Egypt detains 29 Turkish over allege spying


Egyptian prosecutors have ordered the detention of 29 Turkish suspected members of the outlawed Muslim Brotherhood over alleged spying, an action which was said to negates the country’s constitution.

The prosecution statement on Wednesday said the 29 illegally facilitated international calls made by people in Egypt through Turkish-based servers offered at discounted charges.

The statement accuses them of eavesdropping on the calls to gather information on conditions in Egypt that they passed onto Turkish intelligence.

Egypt’s ties with Turkey have been tensed since the Egyptian military removed former Islamist President, Mohamed Morsi in 2013 and later blacklisted his Muslim Brotherhood group as a terrorist organization, a move that has been officially rejected by Turkey that hosted fleeing Brotherhood members and supporters.
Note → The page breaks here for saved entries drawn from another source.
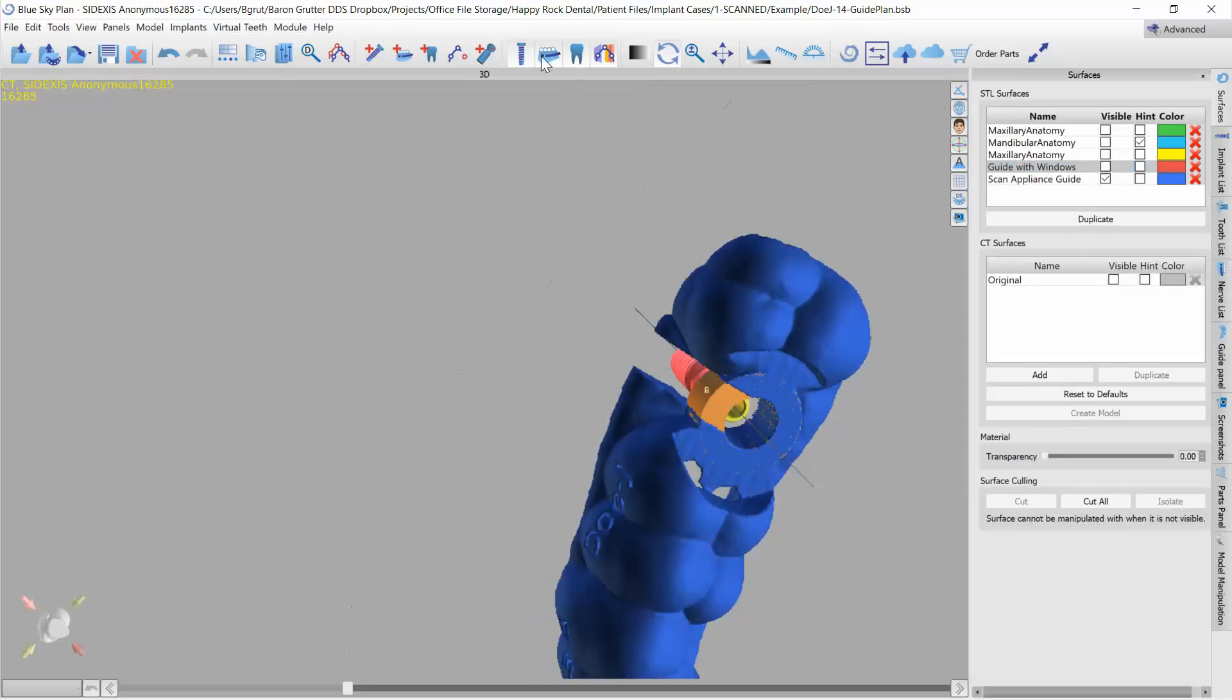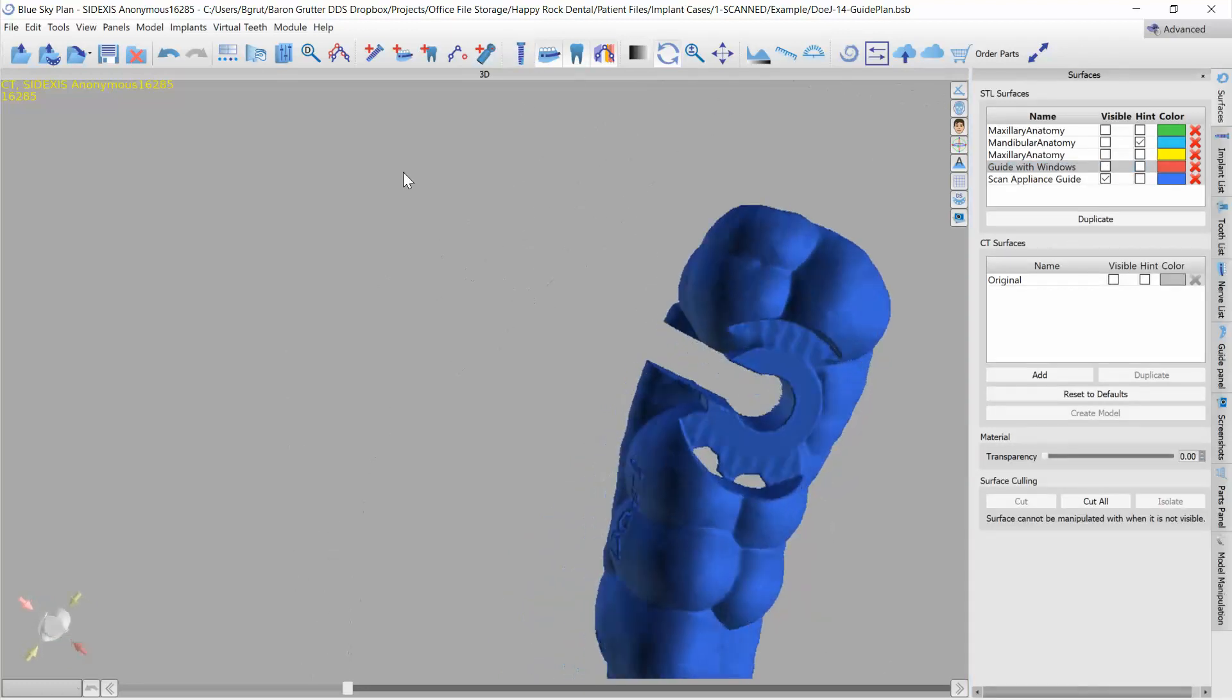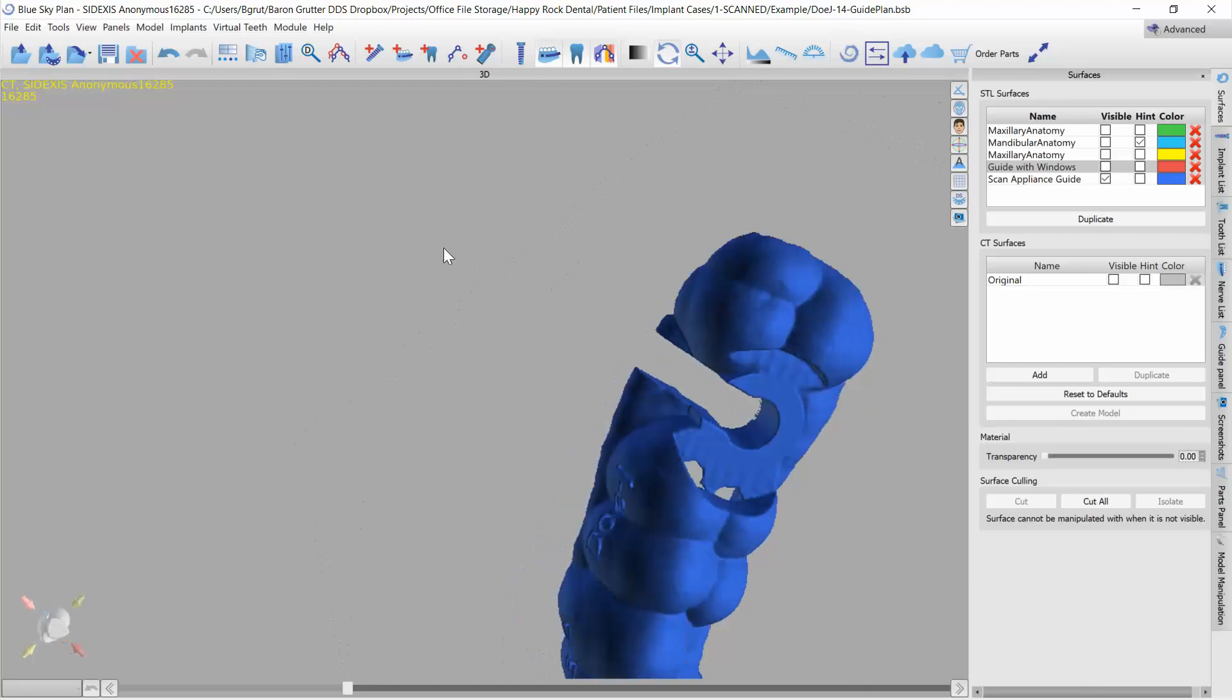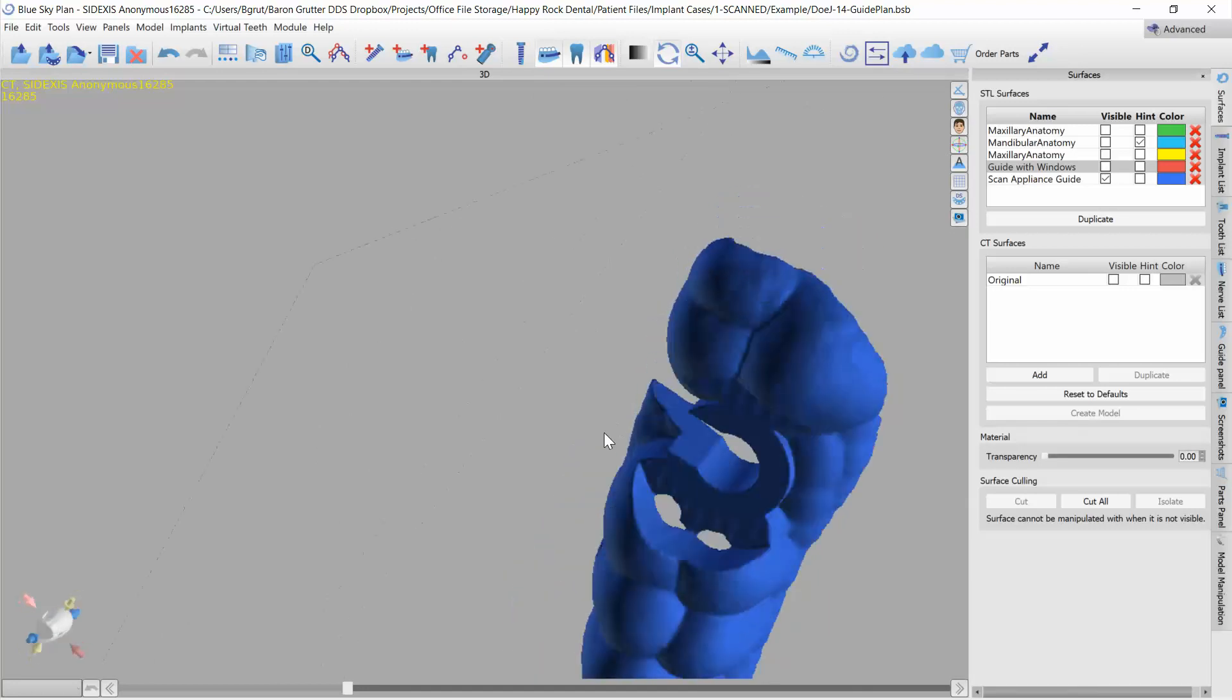Okay, so now let me hide the implant. Here is my guide. I can export that, I can print that.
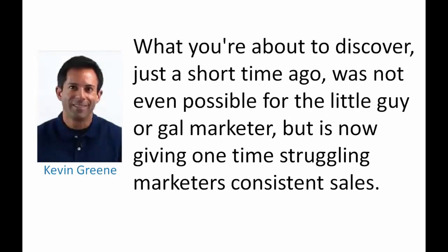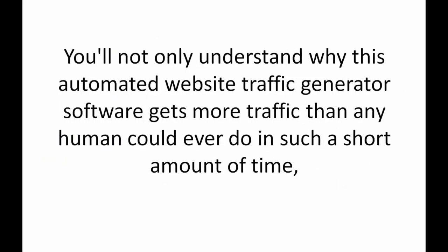Hi, my name is Kevin Green and welcome to Done For You Traffic. You're going to see a staggering advancement in website traffic generating software and online sales automation. What you're about to discover just a short time ago wasn't even possible for the little guy or gal marketer but now it's giving one-time struggling marketers consistent sales and I'm going to show you how simple it is for you to experience those same results.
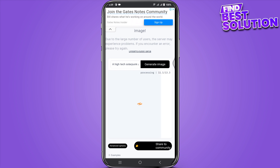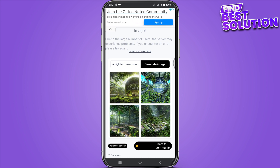So like this, you can enter whatever you want and click on 'Generate Image', and it will take 5 to 10 seconds to generate. That's how to use Stable Diffusion AI on mobile.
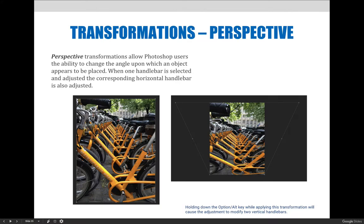There's also a perspective transformation that changes how your image looks in terms of perspective. Perspective transformations allow Photoshop users to change the angle upon which the object appears to be placed. One handlebar is selected and adjusted, and it automatically adjusts the corresponding handlebar horizontally. For example, grabbing the top right corner and pulling it right also pulls the left handlebar, creating a perspective distortion. You can also do a vertical perspective adjustment by holding the Option or Alt key to change the direction.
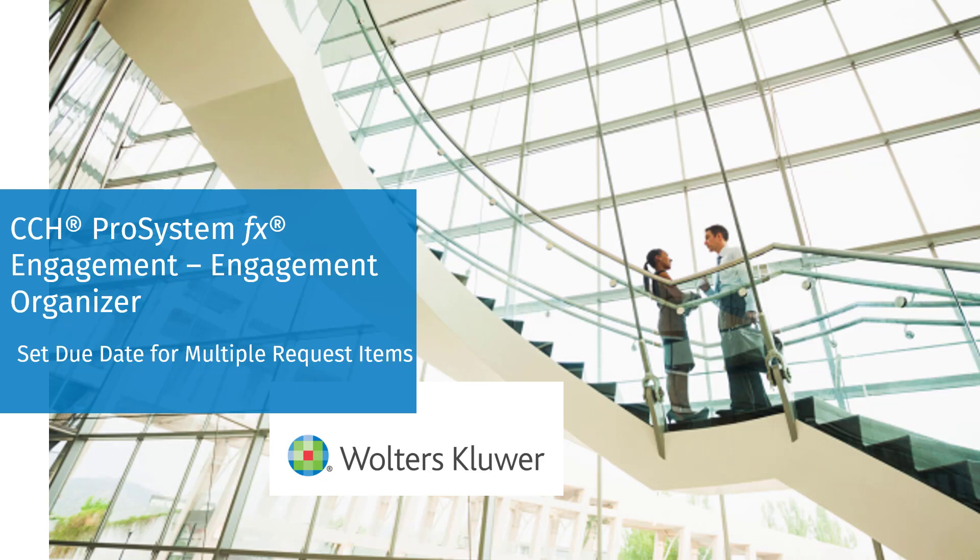Welcome to the CCH ProSystemFX Engagement Organizer video series. In this video, we'll walk through setting the due date for multiple request items at one time.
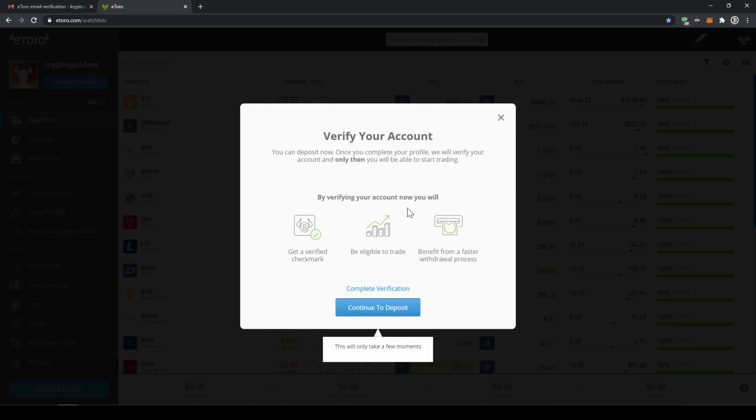Once we're done, we come to this window where it says that we can now deposit funds to our account. And once we have done that, our account will be verified and we will be able to start trading. So I'll just click on continue.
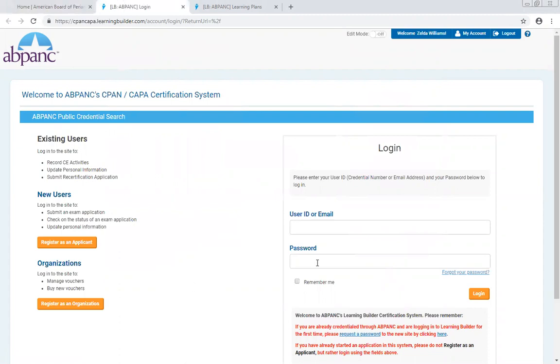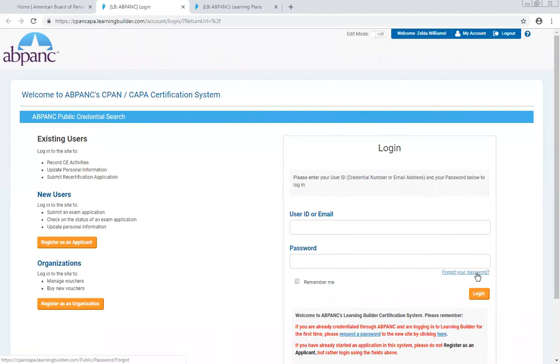You already have an account in Learning Builder. If this is your first time logging into the new system, you will have to set your password by clicking the Forgot Password link.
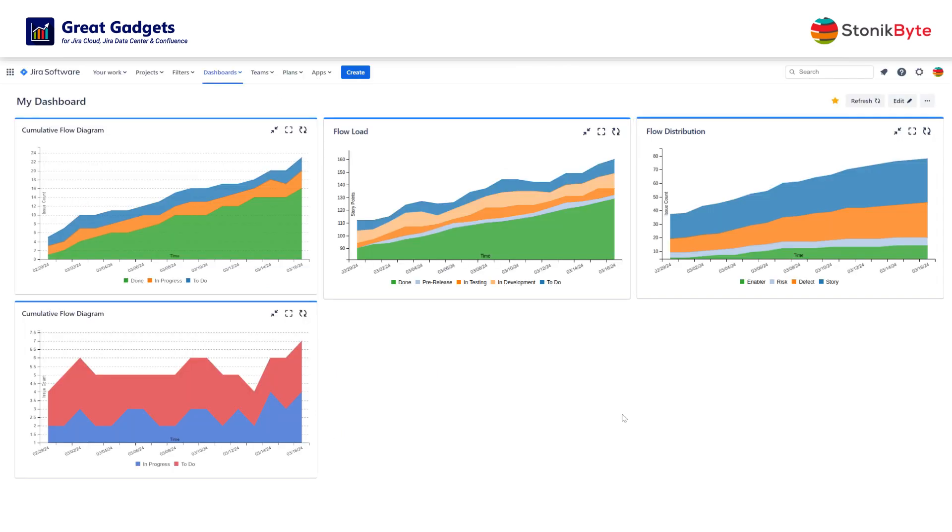Don't miss the opportunity to efficiently monitor and improve your process workflow by using this awesome gadget.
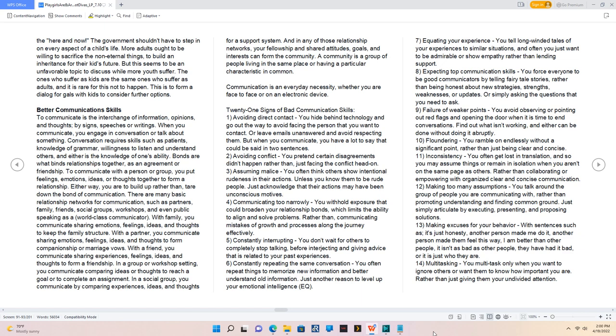13. Making excuses for your behavior with sentences such as, It's just honesty, another person made me do it, another person made them feel this way, I am better than other people, it isn't as bad as other people, they have had it bad, or it is just who they are.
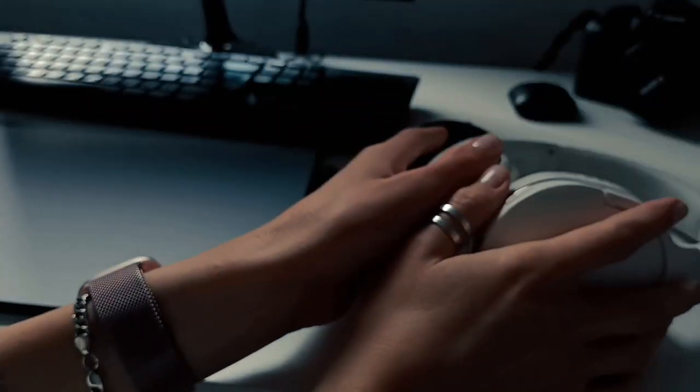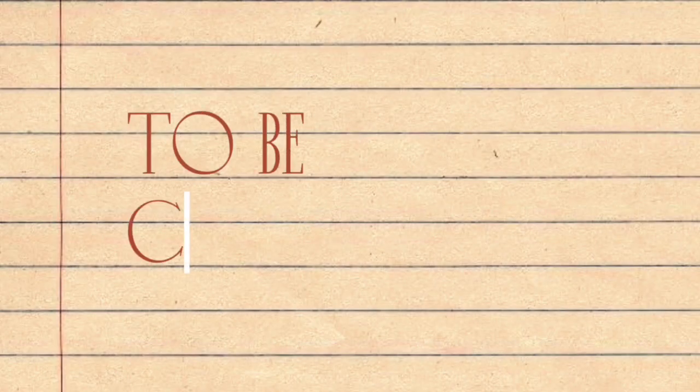And always remember: comparing your beginning to someone else's middle is a fruitless exercise. Well, as they say, to be continued.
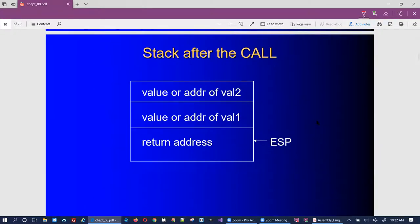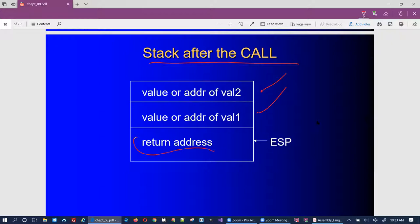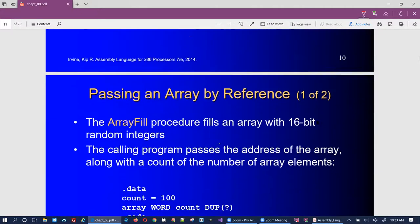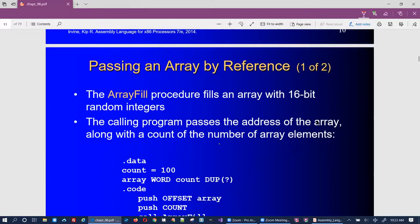After the call, the return address is pushed onto the stack as with any kind of call. So we've got value two, value one, and the return address, and that's going to be used with the return instruction. When passing an array by reference, we're basically passing the address of the first element of the array.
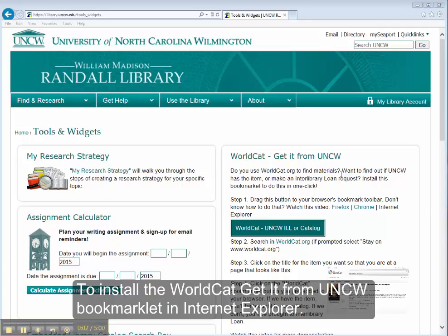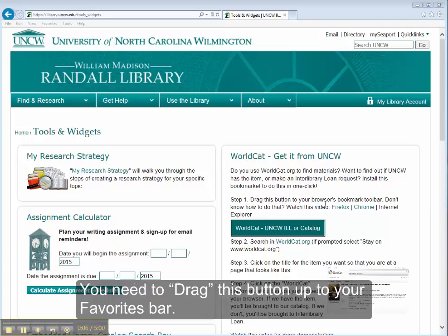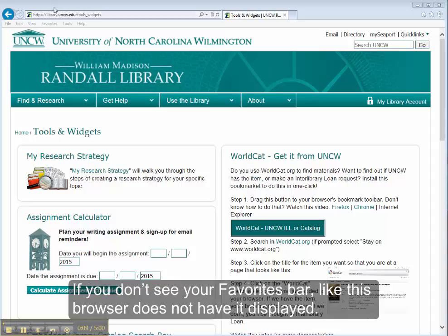To install the WorldCat Get It From UNCW Bookmarklet in Internet Explorer, you need to drag this button up to your Favorites bar.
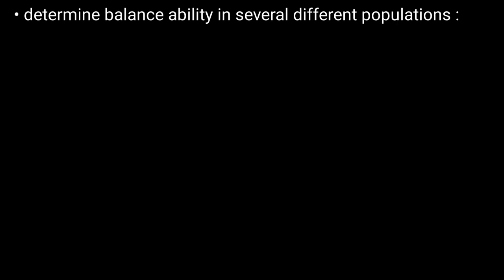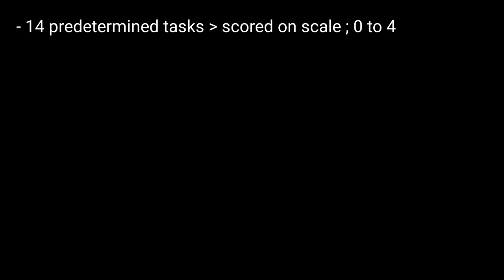For the test structure, in short, the test consists of 14 predetermined tasks, each of which are scored on a scale from 0 to 4. The item scores are then summed, and the maximum score is 56.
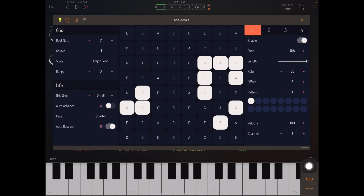Hello YouTube, this is Ryan again, and I'm a developer of ZOA. ZOA is a creative MIDI sequencer for iOS and macOS that implements Conway's Game of Life. In this video, I want to show you how to use the pattern control to get some interesting rhythmic variation out of ZOA.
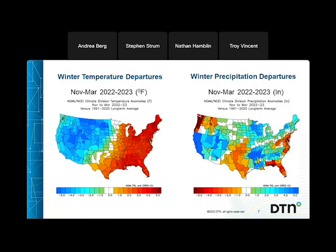Looking at winter temperature departures, the eastern U.S. showed well above average temperatures, especially closer to the coast, while the western part showed below average temperatures extending into the northern plains. For precipitation from November through March, above average precipitation occurred across most of the country — especially California and near the Great Lakes — with below average in the Pacific Northwest, portions of Texas through Kansas, and parts of the East Coast. It was a very wet winter overall.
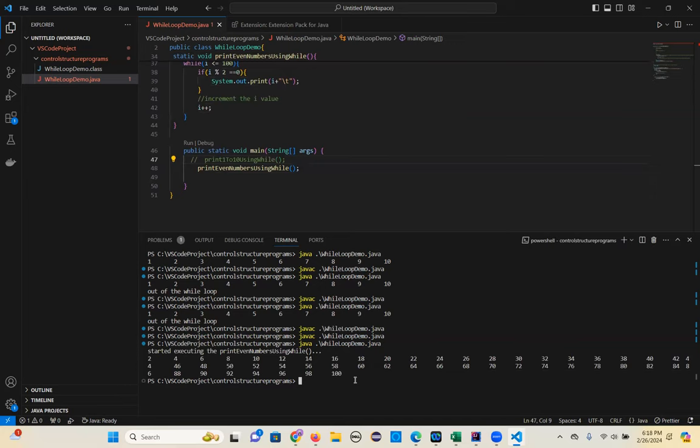The exercise for you is: print all numbers from 50 to 1. So make a note — write a program to print all numbers from 50 to 1.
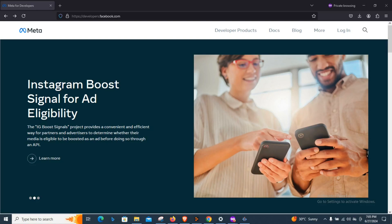Good day everybody, welcome. In this video we are going to see how you can build a WhatsApp bot using the Meta API for WhatsApp. Before now, most of us that have been working on bots always relied on third-party APIs — the popular one being Twilio, among many others. I have worked with Twilio for some time.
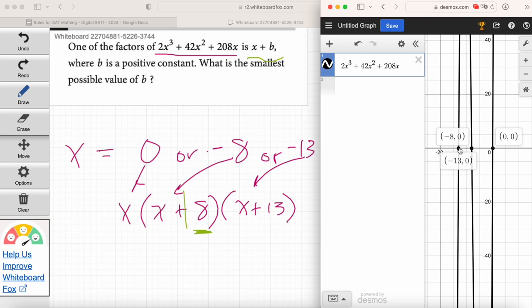It's still tough — even using the Desmos calculator, you've got to be able to interpret what things mean and not lose sight of what the question is asking. But do you see how we can solve for the factors if we just set this equal to zero, find the solutions, and then derive the factors? We don't need to do any fancy factoring. Graph it, find the x-intercepts, get the solutions, get the factors.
Egypt’s top prosecutor, Nabil Sadeq, ordered a 15-day detention of the 29 defendants on Wednesday, along with other fugitives, who were accused of espionage in favor of Turkey to harm Egypt’s interests, joining a terrorist group, involved in money laundering and illegal currency trade and other charges.

The Egypt’s Homeland Security Agency alleged that the 29 defendants and others passed international online calls through Turkey-hosted servers collecting information about negative and positive conditions inside Egypt to plot against the country from Turkey.

The investigations conducted by the security agency revealed that the money gained from passing illegal international calls has been used in the establishment of such media platforms abroad and financing acts of aggression in Egypt.

Over the past few years, the Egyptian economy was said to have suffered shortage of foreign currency necessary for trade and imports.

The government accused the Brotherhood and its supporters of being engaged in the currency black market to maintain the dollar shortage and offering expatriates higher exchange rates to lure them against transferring foreign currency to Egyptian banks.